* _INFORMATION SHOWN_
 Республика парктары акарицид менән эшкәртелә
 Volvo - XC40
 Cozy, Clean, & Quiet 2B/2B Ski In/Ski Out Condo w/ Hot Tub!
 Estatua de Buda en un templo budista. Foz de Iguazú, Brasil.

* _BRIEF_
Only the lines from the one with "Volvo - XC40" to the end of the listing are wanted. Print them exactly, keeping both ends.

* _EXERCISE RESULT_
 Volvo - XC40
 Cozy, Clean, & Quiet 2B/2B Ski In/Ski Out Condo w/ Hot Tub!
 Estatua de Buda en un templo budista. Foz de Iguazú, Brasil.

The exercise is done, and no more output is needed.